(Data excerpts)
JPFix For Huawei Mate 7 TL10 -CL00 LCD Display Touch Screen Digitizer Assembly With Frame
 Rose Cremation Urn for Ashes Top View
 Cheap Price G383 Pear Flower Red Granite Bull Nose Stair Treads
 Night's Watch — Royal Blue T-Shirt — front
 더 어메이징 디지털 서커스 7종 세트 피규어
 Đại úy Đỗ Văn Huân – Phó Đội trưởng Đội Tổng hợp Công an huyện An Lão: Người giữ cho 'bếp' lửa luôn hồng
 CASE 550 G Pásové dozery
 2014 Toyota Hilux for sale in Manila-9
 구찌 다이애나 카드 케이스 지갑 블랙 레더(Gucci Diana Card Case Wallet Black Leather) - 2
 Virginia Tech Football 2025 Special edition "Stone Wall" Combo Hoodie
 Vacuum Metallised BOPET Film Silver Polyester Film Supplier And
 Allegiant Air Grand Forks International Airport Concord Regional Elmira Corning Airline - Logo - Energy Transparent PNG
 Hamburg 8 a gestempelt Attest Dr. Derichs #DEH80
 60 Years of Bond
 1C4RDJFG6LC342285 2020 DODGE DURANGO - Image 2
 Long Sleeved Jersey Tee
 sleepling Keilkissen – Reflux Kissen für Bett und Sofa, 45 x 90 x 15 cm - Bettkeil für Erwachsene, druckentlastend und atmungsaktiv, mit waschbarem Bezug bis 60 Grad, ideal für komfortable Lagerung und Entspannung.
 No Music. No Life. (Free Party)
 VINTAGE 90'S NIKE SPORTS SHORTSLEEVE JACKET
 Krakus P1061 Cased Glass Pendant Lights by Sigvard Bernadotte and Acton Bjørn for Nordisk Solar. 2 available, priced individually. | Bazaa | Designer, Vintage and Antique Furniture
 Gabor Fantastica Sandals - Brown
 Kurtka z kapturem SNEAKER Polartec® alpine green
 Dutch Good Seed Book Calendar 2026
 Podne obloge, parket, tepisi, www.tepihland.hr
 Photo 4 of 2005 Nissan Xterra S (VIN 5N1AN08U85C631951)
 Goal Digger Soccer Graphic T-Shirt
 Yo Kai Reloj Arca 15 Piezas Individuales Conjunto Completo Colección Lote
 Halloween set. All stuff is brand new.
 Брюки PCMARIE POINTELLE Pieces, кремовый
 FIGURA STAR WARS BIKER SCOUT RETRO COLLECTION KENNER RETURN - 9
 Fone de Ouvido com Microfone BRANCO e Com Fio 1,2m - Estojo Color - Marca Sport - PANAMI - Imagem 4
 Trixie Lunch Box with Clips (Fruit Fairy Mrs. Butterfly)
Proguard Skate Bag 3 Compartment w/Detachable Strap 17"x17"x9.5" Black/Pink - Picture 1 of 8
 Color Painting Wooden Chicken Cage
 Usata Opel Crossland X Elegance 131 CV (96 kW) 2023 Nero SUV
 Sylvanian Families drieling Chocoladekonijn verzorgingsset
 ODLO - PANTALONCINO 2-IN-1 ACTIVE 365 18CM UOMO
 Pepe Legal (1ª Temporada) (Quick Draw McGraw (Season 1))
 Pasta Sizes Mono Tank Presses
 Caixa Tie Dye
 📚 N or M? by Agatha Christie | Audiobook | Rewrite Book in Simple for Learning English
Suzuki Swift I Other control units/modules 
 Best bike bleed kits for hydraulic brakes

AIM OF THE EXERCISE: Lines holding the word "Book" in the entries above are the ones to pull out. Copy them all.

YOUR SOLUTION:
 Dutch Good Seed Book Calendar 2026
 📚 N or M? by Agatha Christie | Audiobook | Rewrite Book in Simple for Learning English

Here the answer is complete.